December 10 marks Human Rights Day, the sixty-seventh anniversary of the landmark Universal Declaration of Human Rights (UDHR). Unfortunately fundamental rights, including religious freedom, are still being violated worldwide.
Among the worst abusers are non-state actors like ISIL and other violent religious extremist groups. In Syria and Iraq, ISIL has persecuted Shia and Sunni Muslims alike, while reserving some of its worst depredations for Yazidis and Christians. From summary executions to forced conversions, rape to sexual enslavement, abducted children to destroyed houses of worship, attacks on these communities—among the oldest in the Middle East—are part of a systematic effort to erase their presence.

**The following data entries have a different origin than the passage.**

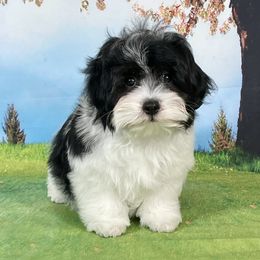 Adam - Black and white male Havanese puppy in Apopka, Florida from Dunhill Havanese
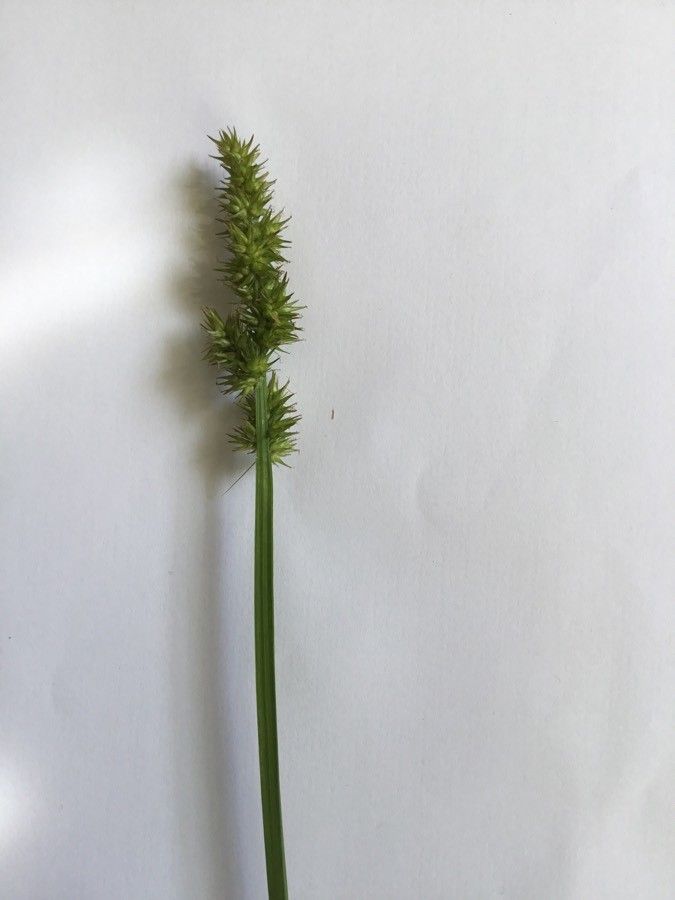Carex stipata — search result for 'Carex'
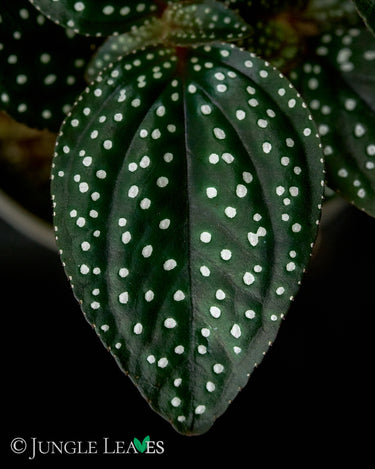 Sonerlia cf. margaritacea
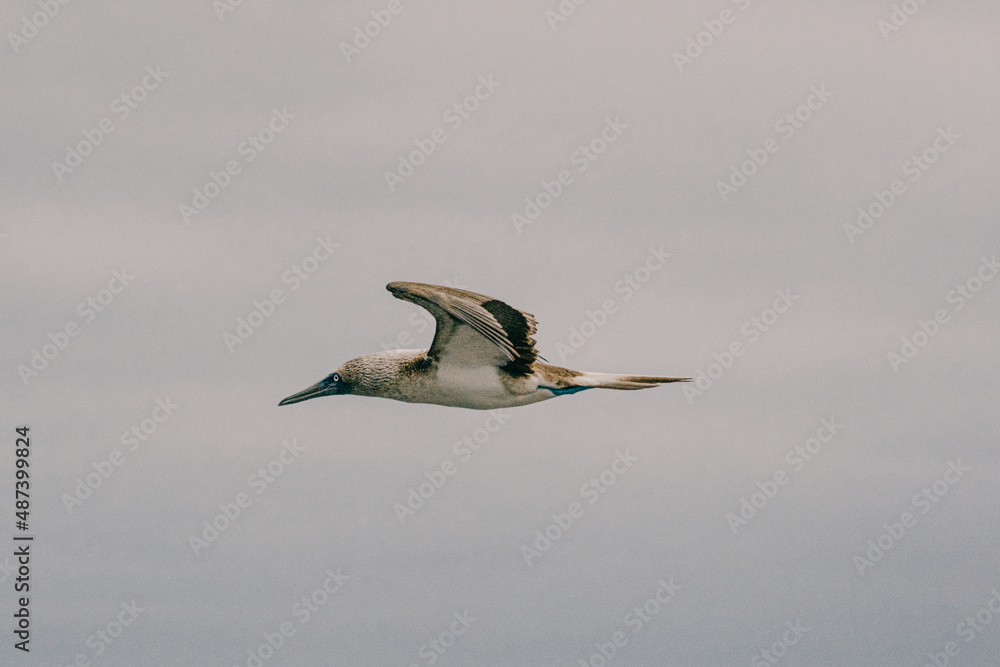 Obraz premium Blue footed booby in flight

State actors from China to Iran to Uzbekistan continue their own assault on freedom: witness the persistent presence and gross mistreatment of prisoners of conscience.
In order to spotlight the plight of these prisoners, as well as the repressive laws and policies of the governments holding them, the Tom Lantos Human Rights Commission of the U.S. House of Representatives in conjunction with the U.S. Commission on International Religious Freedom (USCIRF), on which we serve, and Amnesty International USA, created the Defending Freedoms Project. Through this project, members of Congress select prisoners in order to call culpable governments to account and ultimately help free these prisoners.

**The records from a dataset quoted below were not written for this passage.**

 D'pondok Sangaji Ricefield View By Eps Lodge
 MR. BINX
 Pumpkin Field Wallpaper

Among these governments are those USCIRF has recommended to the State Department for designation as “countries of particular concern,” or CPCs, marking them as some of the world’s worst religious freedom abusers.
China, for example, imposed the draconian sentence of life imprisonment on Ilham Tohti in September 2014 for “separatism,” due to his peaceful activism on behalf of his fellow Uighur Muslims, whom the government persecutes relentlessly. Tohti was an economics professor in Beijing, where he was known for his research on Uighur-Han relations as well as his activism for the implementation of regional autonomy in Xinjiang.